Not only is there diversity of training, but there is a sad possibility of what I may call over-training. A blade may be worn away by the grindstone without ever having had the opportunity of cutting or carving anything. We have all met men who were so elaborately overtrained as to be absolutely useless in the common affairs of life. If I were in real difficulty as to crossing a dangerous thoroughfare, and if I could select as my guide either a senior wrangler or a shoeblack, I

should not be surprised if I declined the services of the former. Overtraining results in pedantry; in that attenuation of mental habit, or that super-refinement of intellectual taste to which its mother tongue is the least known of foreign languages. Over-training leads to faddiness, hesitancy of conscience, and cloudiness of practical judgment. The analytical chemist troubles himself about microbes and imponderable deposits of lead, while the ordinary man of business drinks his water and goes through life without the fears and scruples which can contribute nothing to the completeness and usefulness of life. For my own part, my judgment is that over-trained men have no business in the pulpit. It has long been considered unwise to endeavor to draw a cork by the aid of a steam-engine, and I believe it would be found in practise to be still more unwise to attempt to build a steam-engine with a needle. Congregations are not made up of Aristotles, Darwins, or Shakespeares. The plow has a work to do which a razor could never successfully attempt, tho the razor may be very much brighter and sharper than the plow.

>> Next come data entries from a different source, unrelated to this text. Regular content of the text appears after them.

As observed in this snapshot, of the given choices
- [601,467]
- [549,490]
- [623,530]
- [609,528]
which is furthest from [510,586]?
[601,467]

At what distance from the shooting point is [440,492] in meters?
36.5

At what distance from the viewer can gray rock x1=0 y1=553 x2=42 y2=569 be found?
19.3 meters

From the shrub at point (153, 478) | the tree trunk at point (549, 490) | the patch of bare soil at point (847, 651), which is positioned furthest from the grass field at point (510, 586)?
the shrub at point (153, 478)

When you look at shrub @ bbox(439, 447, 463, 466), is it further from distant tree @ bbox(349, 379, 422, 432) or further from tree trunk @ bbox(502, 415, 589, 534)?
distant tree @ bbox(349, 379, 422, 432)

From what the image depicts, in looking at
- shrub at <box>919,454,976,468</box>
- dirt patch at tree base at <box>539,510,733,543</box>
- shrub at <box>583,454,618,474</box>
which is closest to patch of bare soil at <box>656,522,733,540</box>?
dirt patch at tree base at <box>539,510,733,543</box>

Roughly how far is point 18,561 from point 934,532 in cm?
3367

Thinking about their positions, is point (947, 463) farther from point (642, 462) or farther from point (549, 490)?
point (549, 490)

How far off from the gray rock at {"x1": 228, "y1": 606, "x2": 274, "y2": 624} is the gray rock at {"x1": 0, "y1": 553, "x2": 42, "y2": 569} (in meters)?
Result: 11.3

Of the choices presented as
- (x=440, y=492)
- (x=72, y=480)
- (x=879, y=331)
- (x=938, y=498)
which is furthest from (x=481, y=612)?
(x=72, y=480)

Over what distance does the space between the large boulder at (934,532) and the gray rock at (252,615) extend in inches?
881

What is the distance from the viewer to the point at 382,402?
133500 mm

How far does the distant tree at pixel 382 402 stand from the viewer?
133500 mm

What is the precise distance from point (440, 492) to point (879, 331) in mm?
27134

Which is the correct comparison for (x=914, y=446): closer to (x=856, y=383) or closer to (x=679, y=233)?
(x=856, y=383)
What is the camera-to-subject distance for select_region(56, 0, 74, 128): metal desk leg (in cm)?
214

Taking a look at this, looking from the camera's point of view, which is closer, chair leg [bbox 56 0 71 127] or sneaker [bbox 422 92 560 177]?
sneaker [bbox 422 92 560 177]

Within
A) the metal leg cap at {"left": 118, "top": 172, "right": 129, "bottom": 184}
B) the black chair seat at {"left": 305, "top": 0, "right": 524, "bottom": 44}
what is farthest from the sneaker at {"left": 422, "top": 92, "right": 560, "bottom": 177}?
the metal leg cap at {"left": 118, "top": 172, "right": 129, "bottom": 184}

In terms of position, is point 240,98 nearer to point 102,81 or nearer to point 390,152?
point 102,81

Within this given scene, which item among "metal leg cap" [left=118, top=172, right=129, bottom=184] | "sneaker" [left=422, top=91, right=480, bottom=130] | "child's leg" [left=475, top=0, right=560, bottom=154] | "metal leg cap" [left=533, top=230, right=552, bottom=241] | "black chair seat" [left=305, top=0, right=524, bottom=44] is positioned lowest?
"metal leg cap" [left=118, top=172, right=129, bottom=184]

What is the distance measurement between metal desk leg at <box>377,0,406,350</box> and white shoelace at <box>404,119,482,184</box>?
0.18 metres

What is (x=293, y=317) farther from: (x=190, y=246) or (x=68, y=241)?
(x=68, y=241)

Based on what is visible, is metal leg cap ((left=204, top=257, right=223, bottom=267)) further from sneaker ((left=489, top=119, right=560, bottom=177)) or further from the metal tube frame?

Training for the ministry should contemplate more than one issue only. For example, it should contemplate more than literary scholarship. Such scholarship no wise man will undervalue. All knowledge should contribute to power. We have all, however, known men who were so scholarly that we had immense difficulty in understanding what they were talking about. We were deeply imprest with a sense of their enormous cleverness, but what the cleverness amounted to we could never clearly understand. On the other hand, training should contemplate more than preaching. I have sometimes thought that a man is only a true specialist in the sense in which he is primarily a true generalist, if I may invent a term. When the All is brought to bear upon the Part we have what I consider to be useful specialism. Everything a man knows helps to realize the one particular thing which at any particular moment he desires to accomplish. I am assuming, of course, that the man is master of his own acquirements and is not mastered by them, for I remember that Robert Hall described a certain contemporary of his as having so many books upon his head that his brain could not possibly move. We must never forget that some men have no talent of an acquisitional kind, and that mere length of time spent in cramming their memories does not insure any satisfaction of result. Judge every man according to his individuality. Some men are as sacks that can be filled, other men are as trees which can only grow. Which is the greater, the tree which grew the apples, or the basket which only carried them?

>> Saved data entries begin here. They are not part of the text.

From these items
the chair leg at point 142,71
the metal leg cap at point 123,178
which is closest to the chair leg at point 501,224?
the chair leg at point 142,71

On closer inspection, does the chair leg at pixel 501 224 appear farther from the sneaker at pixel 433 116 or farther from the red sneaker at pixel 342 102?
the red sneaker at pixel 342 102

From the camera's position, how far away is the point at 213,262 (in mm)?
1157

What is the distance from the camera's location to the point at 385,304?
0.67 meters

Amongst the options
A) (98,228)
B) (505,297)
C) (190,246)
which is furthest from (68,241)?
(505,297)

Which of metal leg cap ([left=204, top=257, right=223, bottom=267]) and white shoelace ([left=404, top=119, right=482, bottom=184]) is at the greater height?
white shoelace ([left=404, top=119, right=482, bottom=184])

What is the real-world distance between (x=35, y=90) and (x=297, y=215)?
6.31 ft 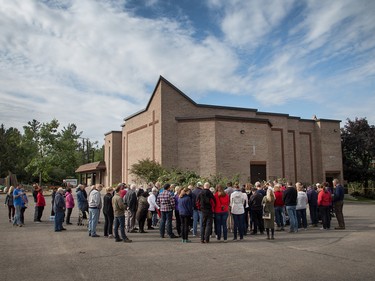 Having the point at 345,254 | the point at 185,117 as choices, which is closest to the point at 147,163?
the point at 185,117

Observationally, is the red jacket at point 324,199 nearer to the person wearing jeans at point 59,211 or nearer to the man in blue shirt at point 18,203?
the person wearing jeans at point 59,211

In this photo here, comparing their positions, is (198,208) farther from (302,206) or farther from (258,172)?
(258,172)

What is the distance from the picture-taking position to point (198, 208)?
36.4 feet

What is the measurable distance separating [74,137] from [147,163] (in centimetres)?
3938

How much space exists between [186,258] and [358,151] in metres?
43.4

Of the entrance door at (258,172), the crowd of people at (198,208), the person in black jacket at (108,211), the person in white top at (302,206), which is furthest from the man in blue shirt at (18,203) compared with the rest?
the entrance door at (258,172)

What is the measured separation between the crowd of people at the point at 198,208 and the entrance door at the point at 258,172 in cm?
1699

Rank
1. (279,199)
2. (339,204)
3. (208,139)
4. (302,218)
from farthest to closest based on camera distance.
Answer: (208,139), (302,218), (339,204), (279,199)

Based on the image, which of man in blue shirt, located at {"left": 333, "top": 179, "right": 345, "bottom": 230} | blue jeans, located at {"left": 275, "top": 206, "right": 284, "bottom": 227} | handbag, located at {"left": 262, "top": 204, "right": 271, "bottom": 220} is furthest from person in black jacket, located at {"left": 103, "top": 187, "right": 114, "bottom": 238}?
man in blue shirt, located at {"left": 333, "top": 179, "right": 345, "bottom": 230}

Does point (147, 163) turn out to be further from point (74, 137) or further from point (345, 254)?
point (74, 137)

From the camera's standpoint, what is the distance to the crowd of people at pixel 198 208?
10641mm

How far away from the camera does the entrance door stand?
3178 cm

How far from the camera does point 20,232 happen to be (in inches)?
490

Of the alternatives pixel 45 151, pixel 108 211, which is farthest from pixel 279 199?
pixel 45 151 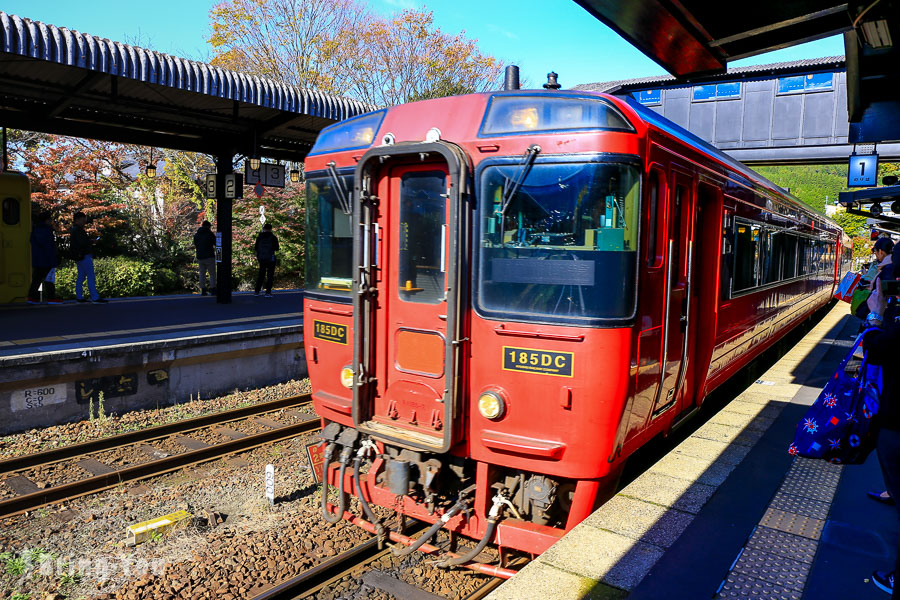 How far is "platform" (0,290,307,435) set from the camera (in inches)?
291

The point which I have specially in view is the training of true preachers. Immediately the question arises, With whom should the training of preachers be intrusted? I am afraid that upon this point I shall not occupy a popular position. The general opinion seems to be that colleges for the training of ministers should be presided over

by profound theologians. From that view I distinctly and emphatically dissent. Theology, properly defined, I should of course encourage as every other minister would certainly do. But having in view the fact that the college is created for the training of preachers, I would insist that a preacher should be the leading mind of every ministerial college. As much wise theology as you please, as much Greek and Hebrew study as is possible, as clear an apprehension of church history as can be secured, but over all, above all, and best of all, inspiration in the matter of pulpit service. It does not follow that I would have at the head of a college a man who is himself a great preacher. What I want in the head of a college is a supreme appreciation of the great work of the Christian ministry. One of the best tutors I have ever known, a man who did more to inspire the pulpit of his time than most of his contemporaries, was a man who could never secure a large congregation. It was a most curious instance of the want of coordination between aspiration and realization. My friend was a great scholar, an omnivorous reader, and almost an idolater of pulpit genius and power. Tho he could not preach himself he never tired of magnifying preaching in the estimation of his students. I would have ministerial students keep up something like continuity of pulpit ser

Of course, I am told that they ought to be studying for their degrees; but I do not accept this view; I have seen too much of the uselessness of degrees to assent to the doctrine that every man should make a point of securing them. When a man gives his heart to the Lord Jesus, and the Lord Jesus distinctly calls him to the work of the pulpit, I should make training for the high office of preaching the predominating consideration and factor in every arrangement bearing upon the life-work of the man.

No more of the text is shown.